WHAT YOU WILL DO: Please output the records below word for word and omit the pictures.

+++ DATA EXTRACT +++

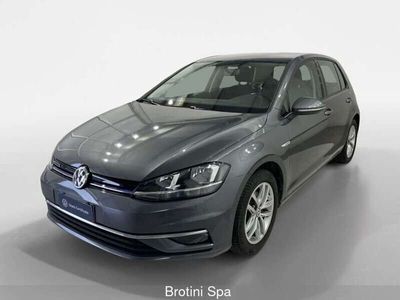 usata VW Golf VII 1.5 TGI 5p. Business BMT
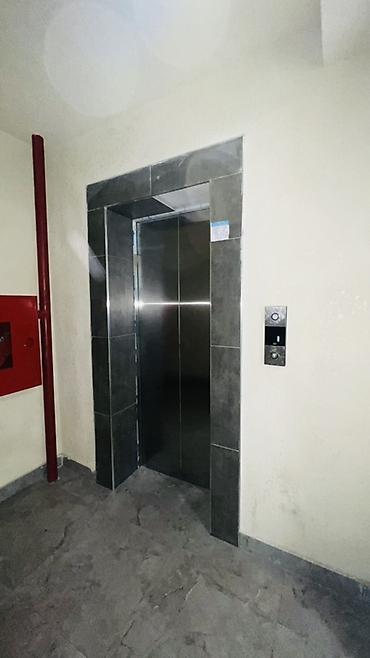 хайтек стиль дома: 2 комнаты, 59 м², Элитка, 8 этаж, ПСО (под самоотделку) — 9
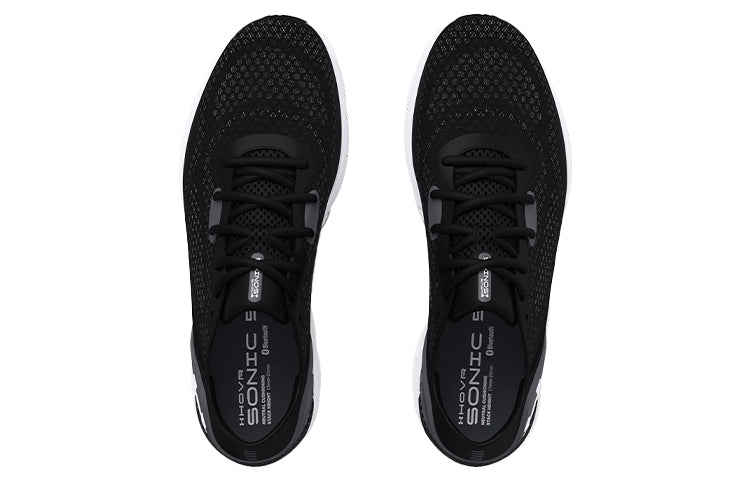 Under Armour HOVR Sonic 5 'Black White' 3024898-001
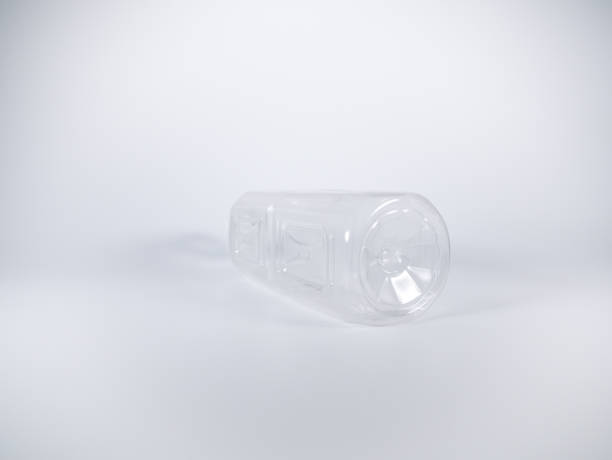 istock Plastic bottle, close up photo 1367762507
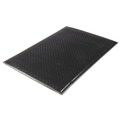 Floor Mats | Guardian 24030501DIAM Soft Step 36 in. x 60 in. Supreme Anti-Fatigue Floor Mat - Black image number 0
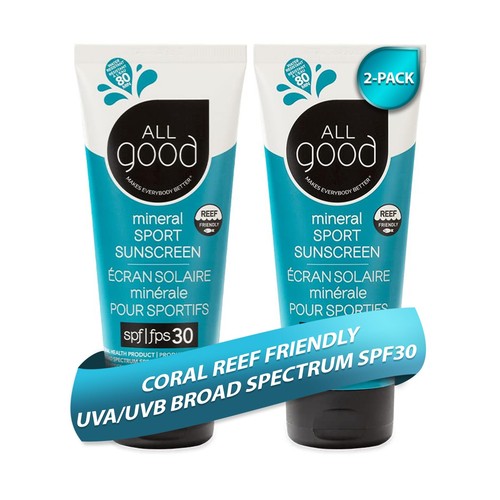 All good sunscreen lozione - good,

+++

SOLUTION TO THIS TASK:
 usata VW Golf VII 1.5 TGI 5p. Business BMT
 хайтек стиль дома: 2 комнаты, 59 м², Элитка, 8 этаж, ПСО (под самоотделку) — 9
 Under Armour HOVR Sonic 5 'Black White' 3024898-001
 istock Plastic bottle, close up photo 1367762507
 Floor Mats | Guardian 24030501DIAM Soft Step 36 in. x 60 in. Supreme Anti-Fatigue Floor Mat - Black image number 0
 All good sunscreen lozione - good,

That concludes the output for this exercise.